思えば、入社時についた誓約書のみならず、給与口座の開設、旅費を現金でもらった際の受領印、仕事の企画書や残業申請、会社を退職し再雇用される際の同意書など、この印鑑は会社の中でも存在感を示してきた。
まさに会社人生を一緒に過ごし、苦楽を共にしてきた戦友のような存在であり、酸いも甘いも勝手知ったる仲だったような気がする。
しかし毎度朱肉を付けて押印しなければならない面倒さから、最近は簡単な押印用にインク内蔵のシャチハタを使うことが多なくなった。
若手の台頭で出番は激減した彼だが、重要書類に押印する際は必ず彼がどこからともなく現れる。(というか、私が引き出しの中をゴソゴソ漁るのだが)まるで代打の切り札、川藤幸三の登場だ(かなり古い)。
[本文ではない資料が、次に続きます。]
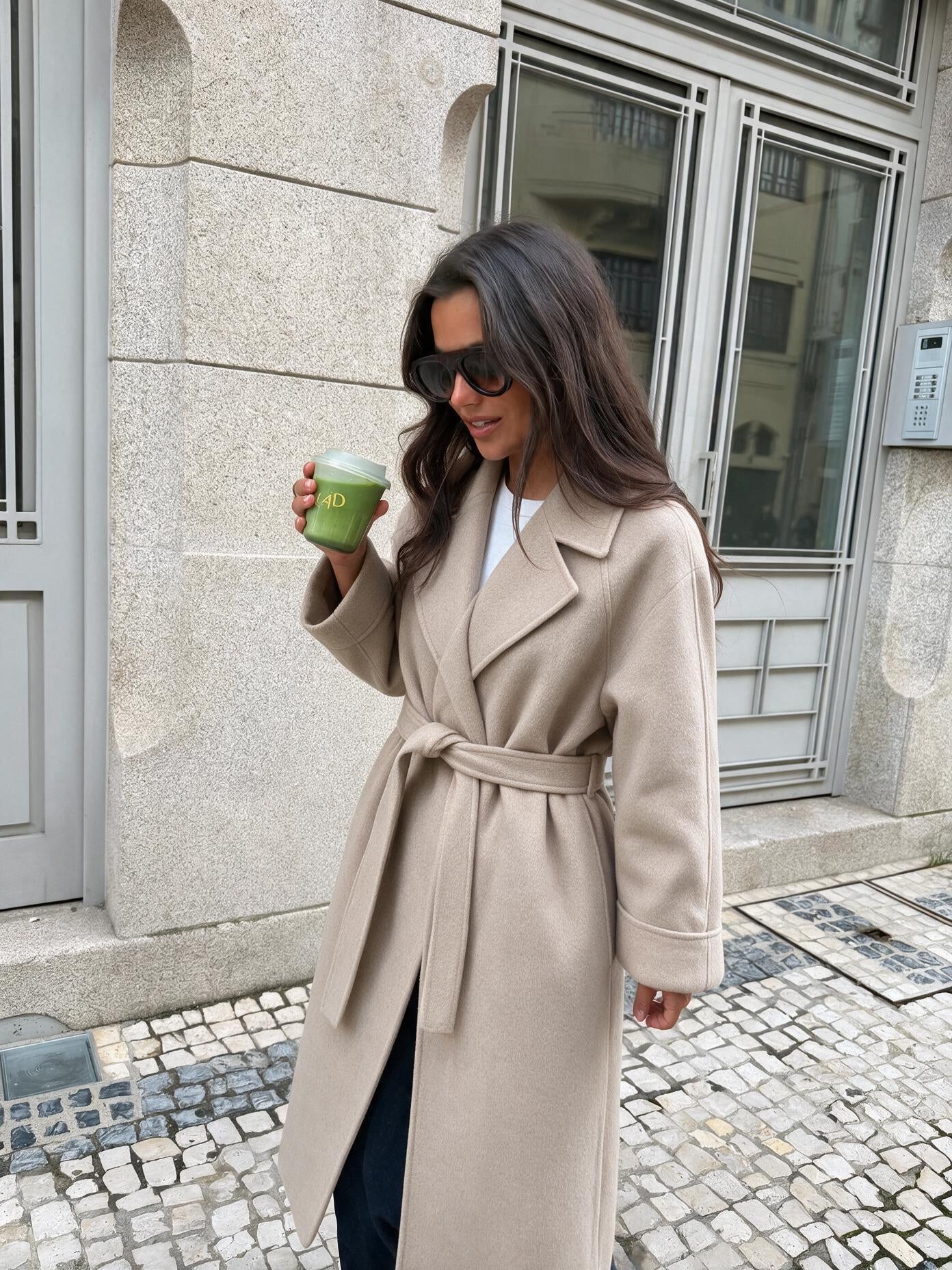 velmara-gen · cappotto lungo dritto con cintura removibile · Beige · frontale · 1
重要書類に彼を投入する時は緊張する。自然と手に力が入る。彼は「どうだ」と言わんばかりに、力強い印影を私の元にさらす。それは、「シャチハタには負けへんで」と強がっているようにも写る。そしてティッシュで先っちょを拭かれた彼は、判子ケースに再びちんまりと入り、またしばらく長い眠りに入る。次の重要書類まで出番がなく、隠居生活に入り、捲土重来を期す。
そんな彼がちょっぴりいとおしいが、もう少し頑張ってくれとエールを送りたい。
これから印鑑はどのような運命になるのだろうか。
以前テレビで、テレワークの中に、印鑑を押すためだけに出社するという馬鹿げたことをしている幹部が紹介されていた。印鑑が無駄の象徴とされ、書類上の印鑑の廃止が進むのも時代の流れかもしれない。反面、それはまたひとつ日本の文化が無くなることにつながる。
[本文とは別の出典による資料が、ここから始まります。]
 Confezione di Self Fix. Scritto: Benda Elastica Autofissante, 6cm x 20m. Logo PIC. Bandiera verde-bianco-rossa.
ただ、車や住宅の購入時のように大きな買い物をする時は、印鑑に限る。買うという行為を印鑑で具現化できるのがいい。外国人のようにサインだけでは味気ない。しかし印鑑が無くても契約自体は成立するわけで、効率化という意味では、印鑑登録という手続きも昭和の遺産として、いずれは廃止される運命ではないかと思う。